Title:
Given a tree, it is required to remove k points, so that the rest is still a tree, and Σ(2^i) is required to be the largest, i is the number of the remaining nodes.
Ideas:
To maximize the sum of the powers of 2 of the remaining points, you must keep the large points, which is greedy.
If you consider which points to remove, then if you remove a point, the points of the subtree connected to it must be removed, which is very troublesome.
So let's consider which points to keep, then consider whether to keep the current points from big to small. And mark the reserved points.

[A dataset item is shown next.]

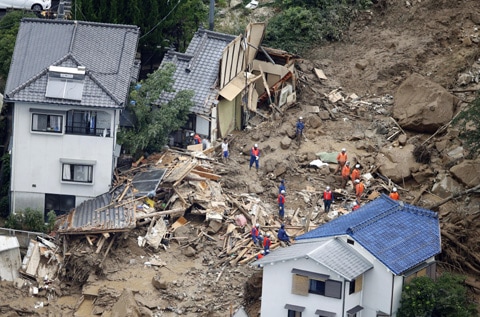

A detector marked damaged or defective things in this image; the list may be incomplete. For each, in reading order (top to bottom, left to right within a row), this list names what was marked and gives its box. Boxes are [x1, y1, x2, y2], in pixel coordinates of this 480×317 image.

First of all, the point n can definitely be reserved, marked, and then consider n-1, n-2 in turn. . . 1.
For the current point, determine whether it has been marked. If not, find the unmarked ancestor farthest from the current point. If this point is to be marked, the total added points are from the current point to the current point. The number of all points on the path of the farthest unmarked ancestor, which can also be interpreted as points on the path from the current point to the tree of points that have been reserved.

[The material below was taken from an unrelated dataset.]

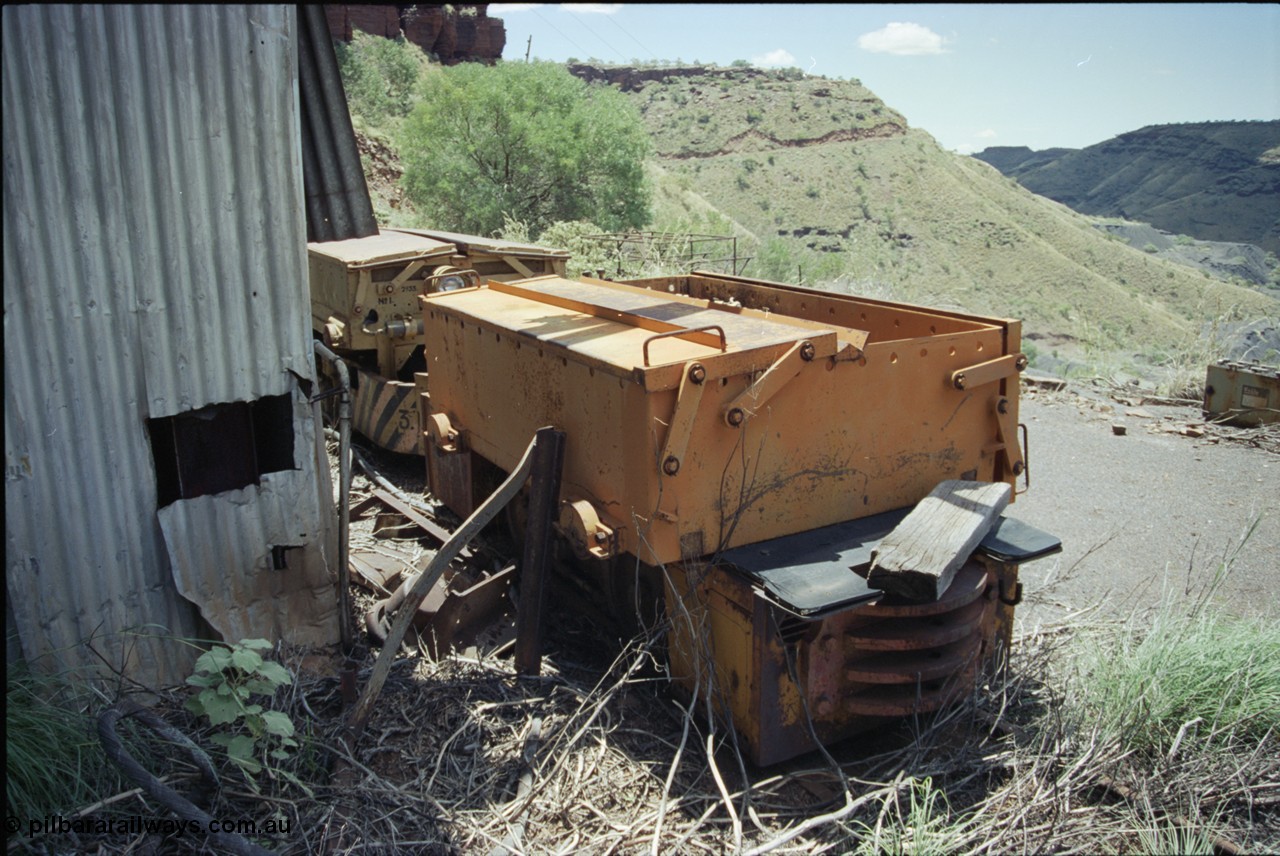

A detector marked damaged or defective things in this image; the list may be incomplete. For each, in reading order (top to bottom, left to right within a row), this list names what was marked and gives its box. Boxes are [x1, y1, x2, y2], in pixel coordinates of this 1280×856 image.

When looking for this path, if it is violent, n^2 will definitely be T, so you can first use multiplication preprocessing, and then find the ancestors, and the complexity can be reduced to O(nlogn).
If this number does not exceed the requirement, then mark all points on the path.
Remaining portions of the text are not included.